→ **EXERCISE DIRECTIONS**
Please repeat the records below exactly, skipping any pictures.

[Caption-style text data]
········

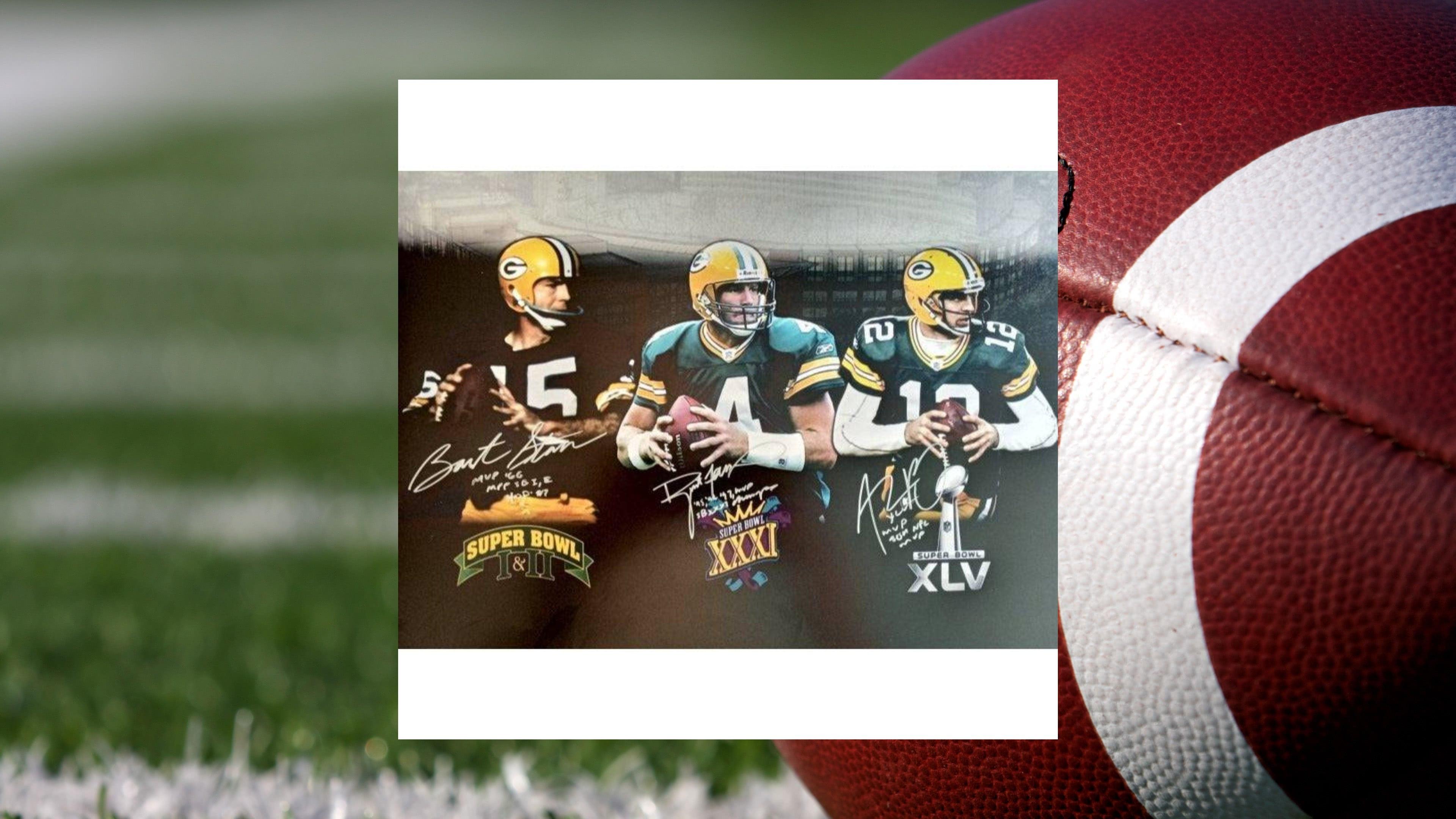 Packers Signed 16x20 Photo: Starr, Favre, Rodgers Proof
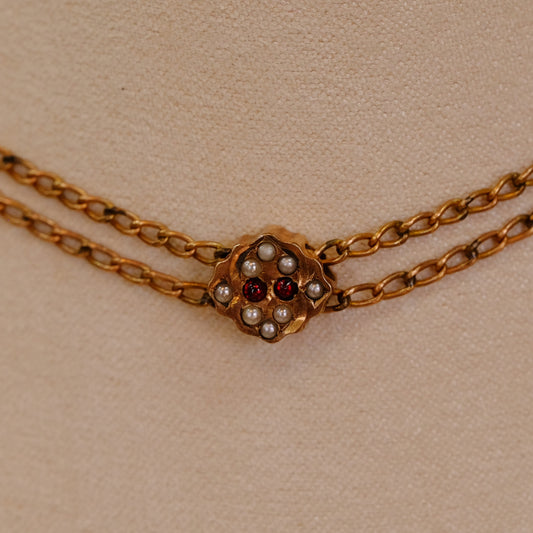 Victorian Gold Filled Ruby Seed Pearl Charm Slider Necklace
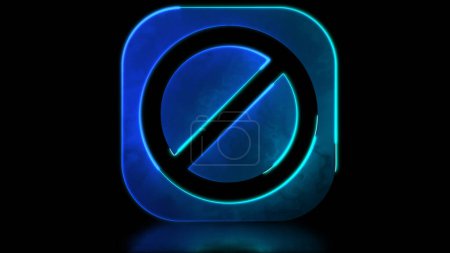 Looping glowing neon effect. Stop icon. Black background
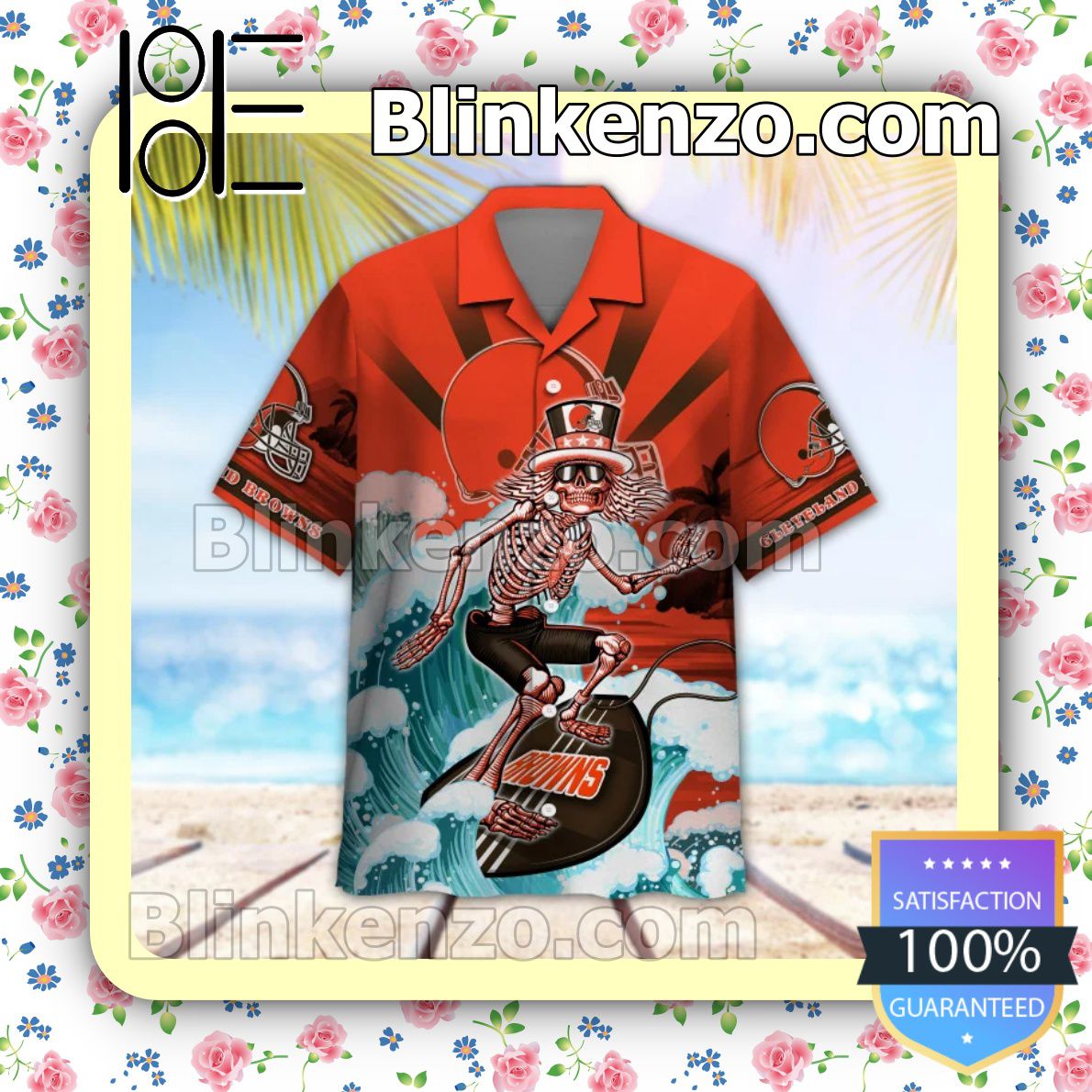 Great NFL Cleveland Browns Grateful Dead Summer Beach Shirt
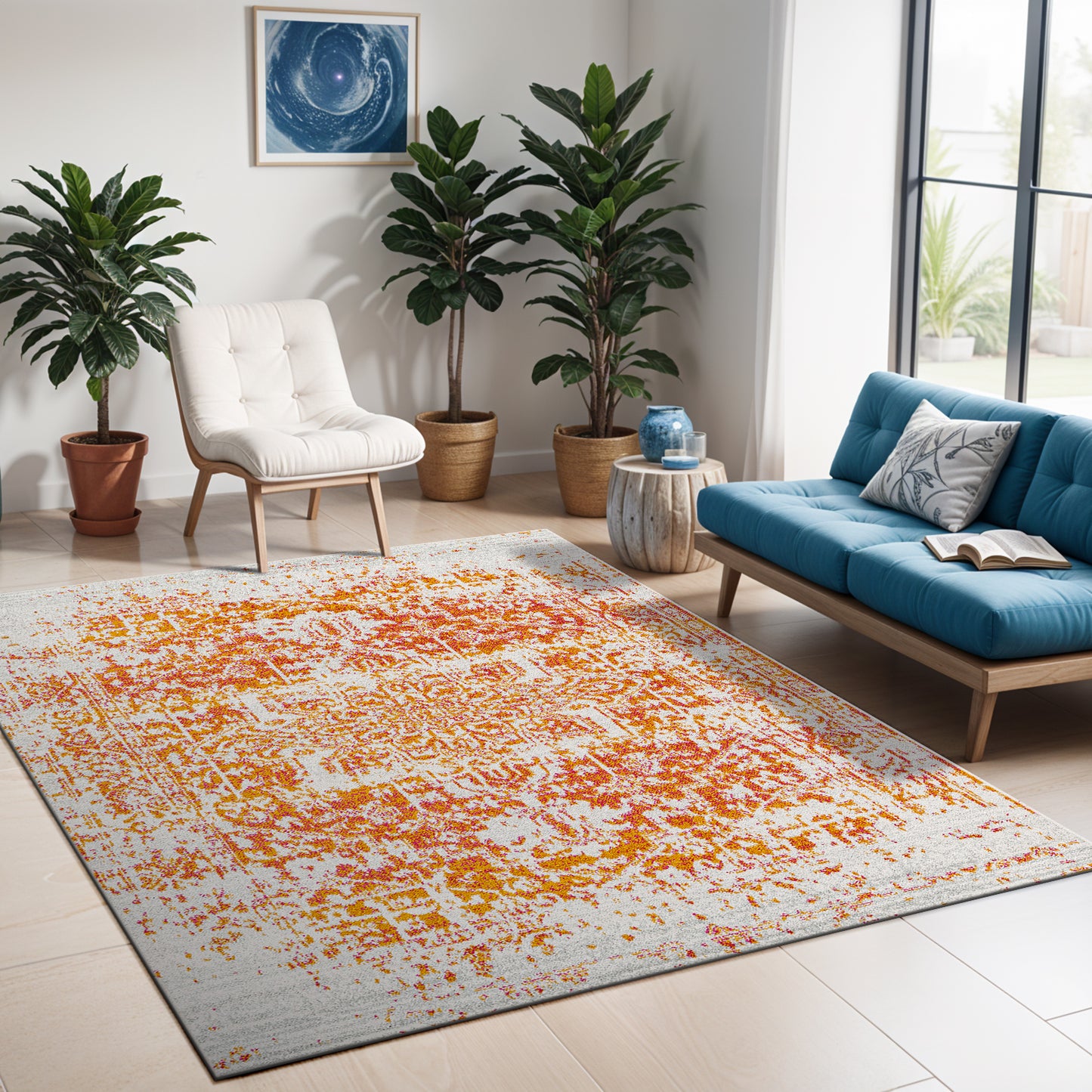 AMELIA Vintage Rug I Living Room, Bedroom, Dining I Traditional Oriental Boho Rug, Soft Area Rug, Short Pile, Easy Care I Orange, Beige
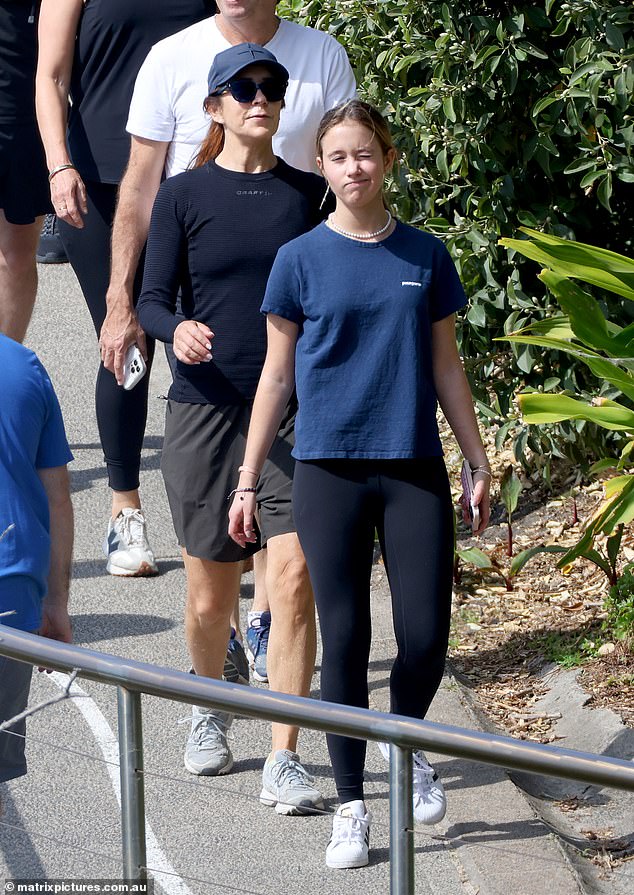 The Tasmania-born royalty, who was last in Australia for a personal visit in December, wore a black long-sleeved shirt and shorts for her outing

········

→ **REPLY**
 Packers Signed 16x20 Photo: Starr, Favre, Rodgers Proof
 Victorian Gold Filled Ruby Seed Pearl Charm Slider Necklace
 Looping glowing neon effect. Stop icon. Black background
 Great NFL Cleveland Browns Grateful Dead Summer Beach Shirt
 AMELIA Vintage Rug I Living Room, Bedroom, Dining I Traditional Oriental Boho Rug, Soft Area Rug, Short Pile, Easy Care I Orange, Beige
 The Tasmania-born royalty, who was last in Australia for a personal visit in December, wore a black long-sleeved shirt and shorts for her outing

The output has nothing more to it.